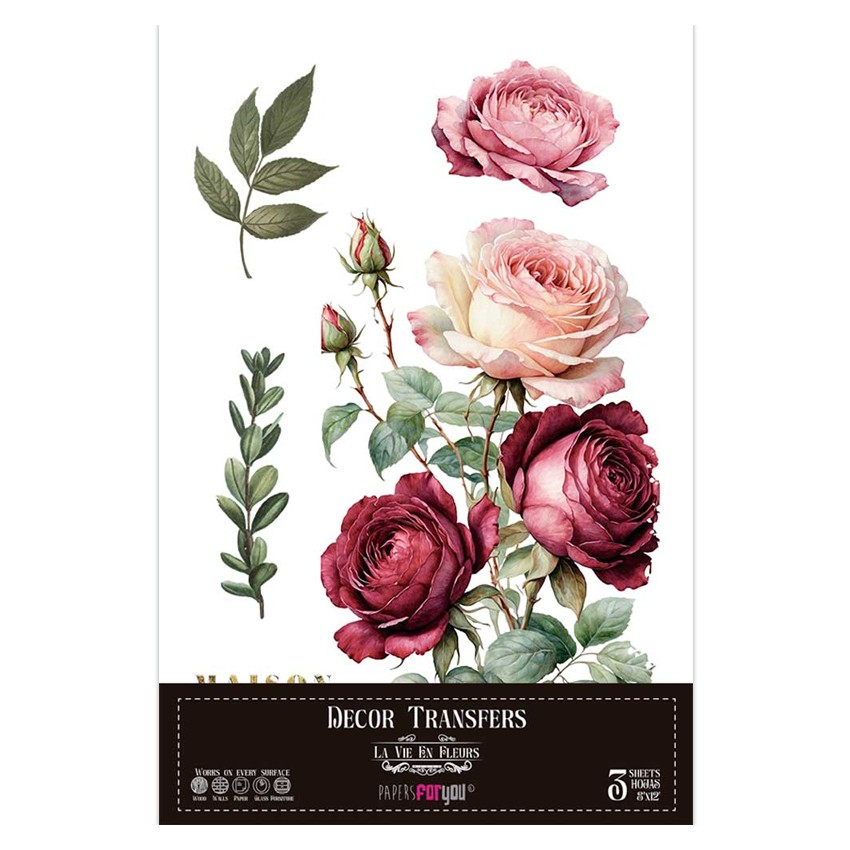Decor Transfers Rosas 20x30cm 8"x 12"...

-=-=-

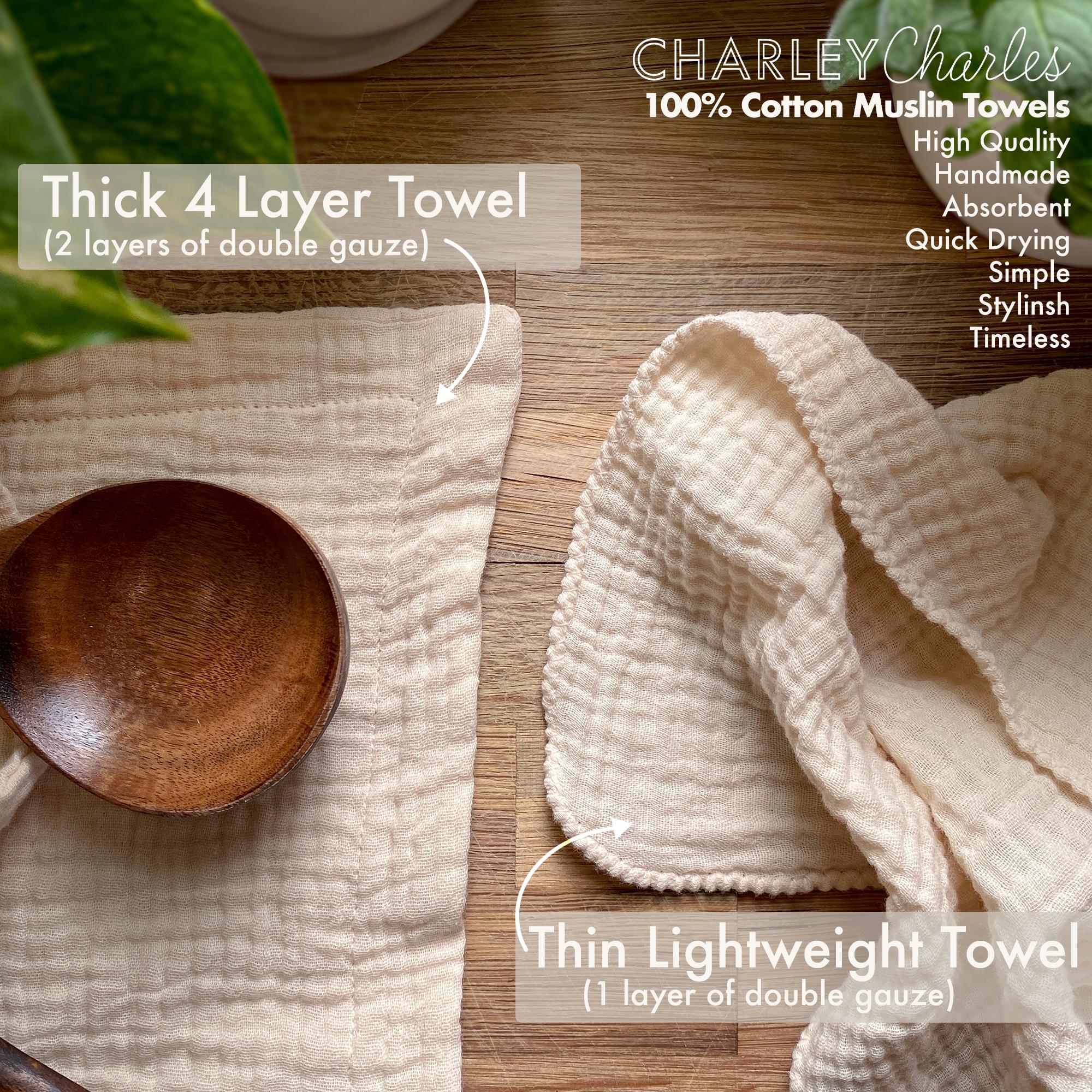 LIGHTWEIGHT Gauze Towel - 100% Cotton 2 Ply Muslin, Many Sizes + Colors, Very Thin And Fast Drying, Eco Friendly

-=-=-

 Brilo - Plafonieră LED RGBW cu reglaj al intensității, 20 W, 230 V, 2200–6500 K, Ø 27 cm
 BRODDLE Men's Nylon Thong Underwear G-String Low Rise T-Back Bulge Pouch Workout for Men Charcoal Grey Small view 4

-=-=-

Using the data above, transcribe the lines that run from the line with "Brilo - Plafonieră" to the line with "BRODDLE Men's Nylon", both ends kept, and output nothing else.

▸ **Output below**:
 Brilo - Plafonieră LED RGBW cu reglaj al intensității, 20 W, 230 V, 2200–6500 K, Ø 27 cm
 BRODDLE Men's Nylon Thong Underwear G-String Low Rise T-Back Bulge Pouch Workout for Men Charcoal Grey Small view 4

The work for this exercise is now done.